Data segment =

-------

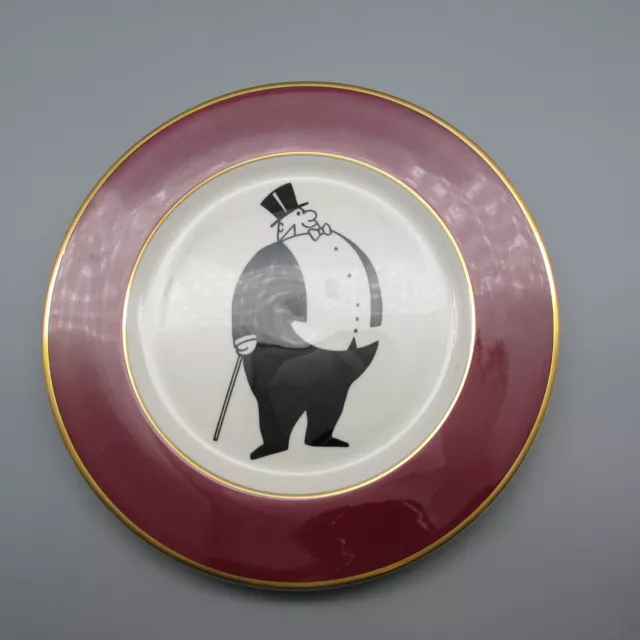 Syracuse China Deco  TUXEDO MAN - Service / Dinner Plate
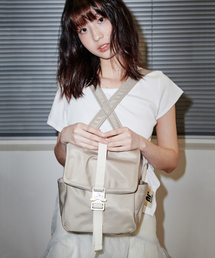 NILLRING（ニルリン）の「午後五時半 バックパック ミニ_ベージュ（バックパック/リュック）」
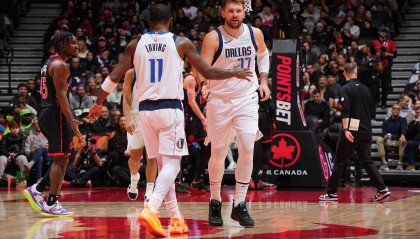 百家乐官网-东契奇：生涯队友中我和欧文最默契 我们季前赛的磨合帮助很大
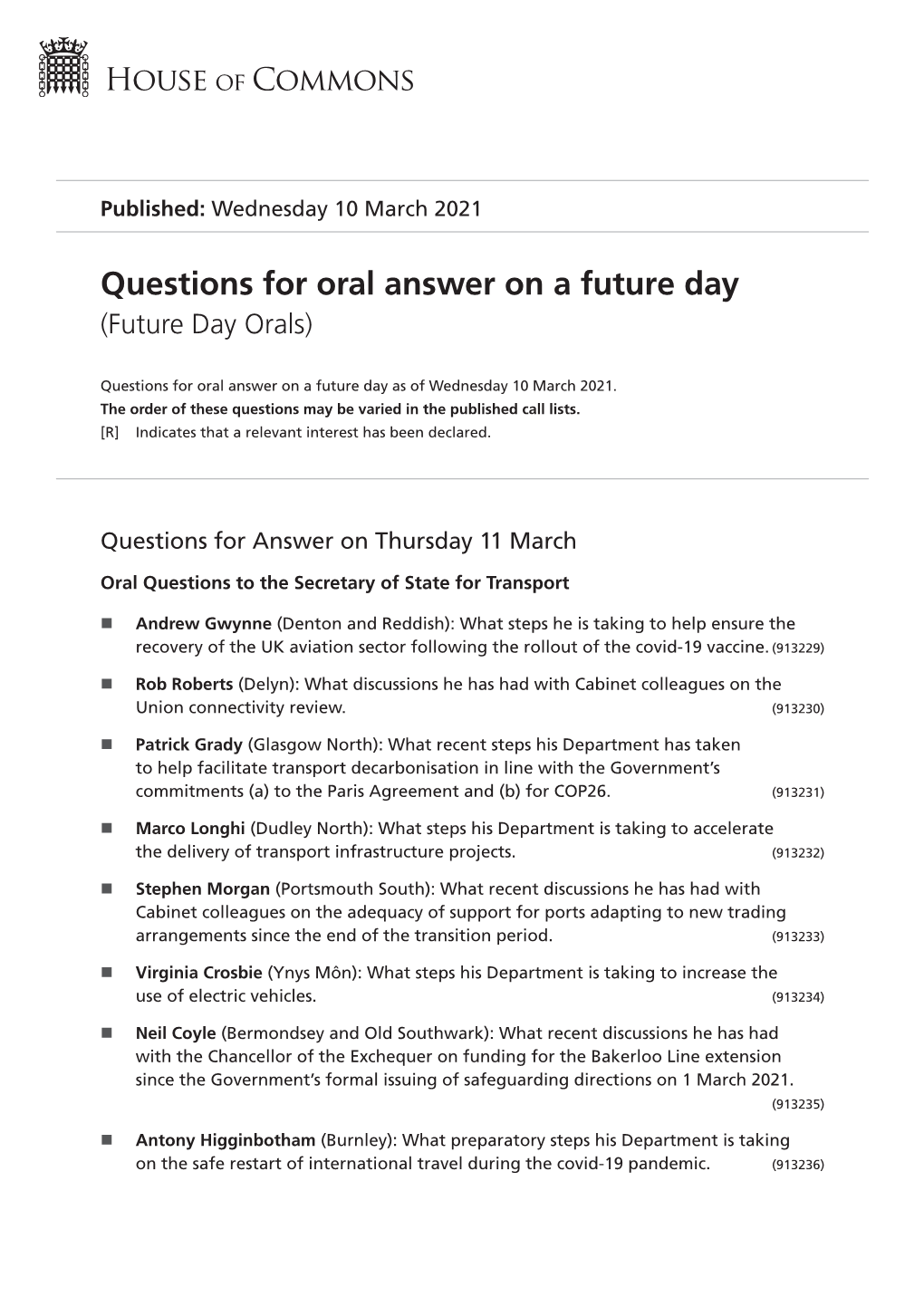 View Future Day Orals PDF File 0.11 MB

-------

Problem to solve =
Write the lines out word for word, starting at the one with "百家乐官网-东契奇：生涯队友中我和欧文最默契 我们季前赛的磨合帮助很大" and stopping after the last line of the material above, with pictures excluded.

Exercise result =
 百家乐官网-东契奇：生涯队友中我和欧文最默契 我们季前赛的磨合帮助很大
 View Future Day Orals PDF File 0.11 MB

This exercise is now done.